[Problem to work on] In the data below, find each line containing the string "фото" and return it.
BEGIN
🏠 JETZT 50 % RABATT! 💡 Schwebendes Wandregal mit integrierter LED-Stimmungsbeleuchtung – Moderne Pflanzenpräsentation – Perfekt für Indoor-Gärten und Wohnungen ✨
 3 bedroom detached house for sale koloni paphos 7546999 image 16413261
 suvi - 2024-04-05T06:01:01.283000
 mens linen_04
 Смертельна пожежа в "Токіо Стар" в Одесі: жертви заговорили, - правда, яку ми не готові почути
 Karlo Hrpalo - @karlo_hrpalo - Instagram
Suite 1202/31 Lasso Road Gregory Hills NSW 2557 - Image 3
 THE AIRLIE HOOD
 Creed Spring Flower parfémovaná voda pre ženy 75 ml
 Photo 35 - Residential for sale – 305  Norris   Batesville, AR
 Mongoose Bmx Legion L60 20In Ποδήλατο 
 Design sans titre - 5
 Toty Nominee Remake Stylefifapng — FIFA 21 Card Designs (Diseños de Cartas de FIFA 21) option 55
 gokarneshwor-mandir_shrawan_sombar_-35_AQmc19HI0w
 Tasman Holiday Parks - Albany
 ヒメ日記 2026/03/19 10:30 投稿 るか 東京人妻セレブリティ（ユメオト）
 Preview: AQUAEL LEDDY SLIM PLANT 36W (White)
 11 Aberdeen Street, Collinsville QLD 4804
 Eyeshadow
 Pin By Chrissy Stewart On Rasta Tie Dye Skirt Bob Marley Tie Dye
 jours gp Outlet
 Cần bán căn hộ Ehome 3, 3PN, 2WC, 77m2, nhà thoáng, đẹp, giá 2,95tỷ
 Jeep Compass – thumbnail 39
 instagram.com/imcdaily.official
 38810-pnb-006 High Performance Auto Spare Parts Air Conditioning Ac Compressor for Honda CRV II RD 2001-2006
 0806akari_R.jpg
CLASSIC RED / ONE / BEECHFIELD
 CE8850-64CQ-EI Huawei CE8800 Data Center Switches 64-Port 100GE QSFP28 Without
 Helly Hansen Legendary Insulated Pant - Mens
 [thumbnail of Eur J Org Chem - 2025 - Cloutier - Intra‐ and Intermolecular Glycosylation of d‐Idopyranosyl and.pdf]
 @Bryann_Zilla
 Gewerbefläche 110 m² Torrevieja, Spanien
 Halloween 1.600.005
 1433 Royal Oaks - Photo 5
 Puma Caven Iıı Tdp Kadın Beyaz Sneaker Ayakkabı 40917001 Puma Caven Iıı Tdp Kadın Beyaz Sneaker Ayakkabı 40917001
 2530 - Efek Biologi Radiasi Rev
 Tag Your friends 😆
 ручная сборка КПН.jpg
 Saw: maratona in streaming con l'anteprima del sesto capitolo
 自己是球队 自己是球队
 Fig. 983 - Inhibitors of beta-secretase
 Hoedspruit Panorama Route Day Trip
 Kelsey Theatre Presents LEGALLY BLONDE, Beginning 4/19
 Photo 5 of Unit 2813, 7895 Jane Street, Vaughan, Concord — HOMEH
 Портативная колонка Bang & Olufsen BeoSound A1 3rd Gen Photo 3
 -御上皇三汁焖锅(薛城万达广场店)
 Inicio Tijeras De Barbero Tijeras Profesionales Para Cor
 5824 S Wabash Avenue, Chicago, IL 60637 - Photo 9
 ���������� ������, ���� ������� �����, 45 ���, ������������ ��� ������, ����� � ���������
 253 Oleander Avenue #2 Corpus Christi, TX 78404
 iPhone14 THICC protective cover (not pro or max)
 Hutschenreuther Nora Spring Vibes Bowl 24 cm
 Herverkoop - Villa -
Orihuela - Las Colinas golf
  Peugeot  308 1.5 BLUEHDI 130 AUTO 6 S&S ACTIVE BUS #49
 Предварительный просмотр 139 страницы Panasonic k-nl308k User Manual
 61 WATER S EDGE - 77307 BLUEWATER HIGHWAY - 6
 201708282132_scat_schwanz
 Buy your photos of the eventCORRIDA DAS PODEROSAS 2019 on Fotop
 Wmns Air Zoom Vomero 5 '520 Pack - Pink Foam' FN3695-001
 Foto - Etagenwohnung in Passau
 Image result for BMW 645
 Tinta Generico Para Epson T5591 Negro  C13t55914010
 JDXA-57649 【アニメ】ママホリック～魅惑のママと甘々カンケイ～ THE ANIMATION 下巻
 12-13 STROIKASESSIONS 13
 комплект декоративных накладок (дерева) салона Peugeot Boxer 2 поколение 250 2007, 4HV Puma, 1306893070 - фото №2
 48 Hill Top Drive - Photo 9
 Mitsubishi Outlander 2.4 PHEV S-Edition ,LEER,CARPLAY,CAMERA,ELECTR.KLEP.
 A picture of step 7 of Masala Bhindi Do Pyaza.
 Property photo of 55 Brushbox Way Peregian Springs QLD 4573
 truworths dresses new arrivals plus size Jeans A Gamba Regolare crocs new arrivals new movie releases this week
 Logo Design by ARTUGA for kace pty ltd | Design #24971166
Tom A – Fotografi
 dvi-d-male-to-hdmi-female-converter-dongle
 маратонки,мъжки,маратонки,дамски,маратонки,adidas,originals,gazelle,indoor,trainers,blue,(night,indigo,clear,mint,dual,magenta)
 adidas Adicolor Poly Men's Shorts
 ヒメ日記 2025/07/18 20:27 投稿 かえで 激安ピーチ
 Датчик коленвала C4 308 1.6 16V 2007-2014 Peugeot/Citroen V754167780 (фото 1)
END
[Problem solution]
 комплект декоративных накладок (дерева) салона Peugeot Boxer 2 поколение 250 2007, 4HV Puma, 1306893070 - фото №2
 Датчик коленвала C4 308 1.6 16V 2007-2014 Peugeot/Citroen V754167780 (фото 1)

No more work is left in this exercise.